None of this is as big of a problem as the technical side of the game, though. The game absolutely chugs as you walk around through the voxel-style world, to the point that I was almost feeling nauseous at times. A game that looks like this really shouldn’t run this poorly, so I’m hoping it’s an optimization issue that the developer can fix with some patches. Moonglow Bay is also extremely buggy. I ran into full-stop crashes back to the Switch’s home menu more often than I’d like, and sometimes cut-scenes would play multiple times in a row. I managed to get stuck in objects a few times, too.

It’s frustrating because despite the flaws in the game’s design, I found myself enjoying the basic loop well enough. It’s no Stardew Valley or anything, but it’s fine. I was really cheering for the protagonist as they tried to bring themselves and their town back to life. This is a game I want to enjoy, but it’s very difficult to do so in its current state. Had I not been playing the game for review, I would have bailed out very early due to how queasy it made me feel.

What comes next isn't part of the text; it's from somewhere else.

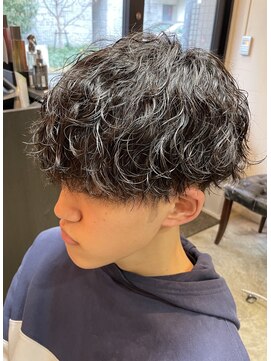 ジュンヌオム リンカラン(Jeune Homme LINGKARAN) 波巻きスパイラル×マッシュ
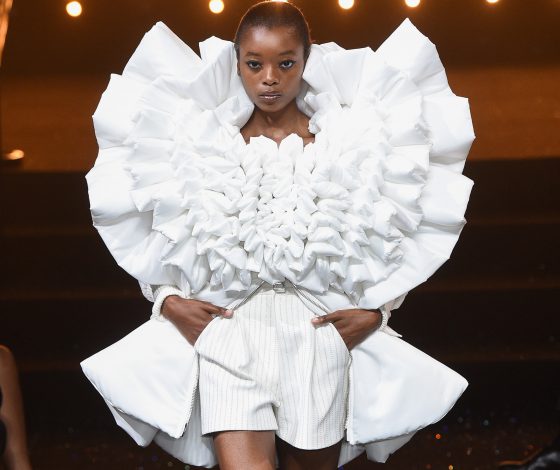 Viktor & Rolf повторили свои легендарные образы всех времен на показе Haute Couture 2018!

Moonglow Bay has a lot of good aspects to it that unfortunately are balanced against some balancing and pacing issues. All of this is overshadowed by the game’s buggy, unpolished state here on the Switch. Between framerate issues, crashes, collision mess-ups, and other bizarre bugs, it’s hard to properly get into the world the game is trying to build. I’m hoping the game can improve with some updates, because there is something here that compelled me when the problems weren’t pushing me away.

SwitchArcade Score: 3/5

New Releases

Evil God Korone ($3.95)

Yubi-yubi! The best Vtuber doggo comes to the Switch in this Korone-themed twist on Tsugunohi. Just like in the regular game, you’re walking to the left continuously as scary things happen. Korone is known for her occasional yandere tendencies, and she leans into it here as she goes full-blown evil god on us. Water in the fire, why?! Okay, this has a very particular audience. They know who they are, and they will probably pick it up even if they are base cowards who hate horror. No confidence.

Dream Tactics ($17.99)

A promising looking strategy RPG that blends deck-building elements with a fairly traditional take on the genre. The Dream World is in trouble, and you’re the only one that can save it. You’ll have to assemble a team and gather an assortment of cards as you battle your way through the evil Pillow Legions. The developers cite the Game Boy Advance era as their source of inspiration, and at least from what I’ve seen that tracks well enough. I’ll have to spend some time with this one to see if it’s as good as it seems.

The Bin Bunch

ZooKeeper ($10.99)

Overdelivery – Delivery Simulator ($7.99)

Perfect Knife ($0.99)

Sales

(North American eShop, US Prices)

A tiny list of new sales, but I sure can’t argue with Gimmick or Joe Dever’s Lone Wolf at those prices. Over in the outbox… not much at all. Not much at all. Well, I’ll leave it to you. It won’t take too long for you to scan both lists; I suspect you already have as you’ve read this.

Select New Sales

Gimmick! Special Edition ($7.49 from $14.99 until 4/22)
Joe Dever’s Lone Wolf ($2.49 from $9.99 until 4/24)
Bendy & the Ink Machine ($3.99 from $19.99 until 4/25)
Hexapoda ($4.99 from $12.99 until 4/29)
Kittengumi: The Sakabato’s Thief ($4.99 from $9.99 until 4/29)
Outer Terror ($7.99 from $9.99 until 5/3)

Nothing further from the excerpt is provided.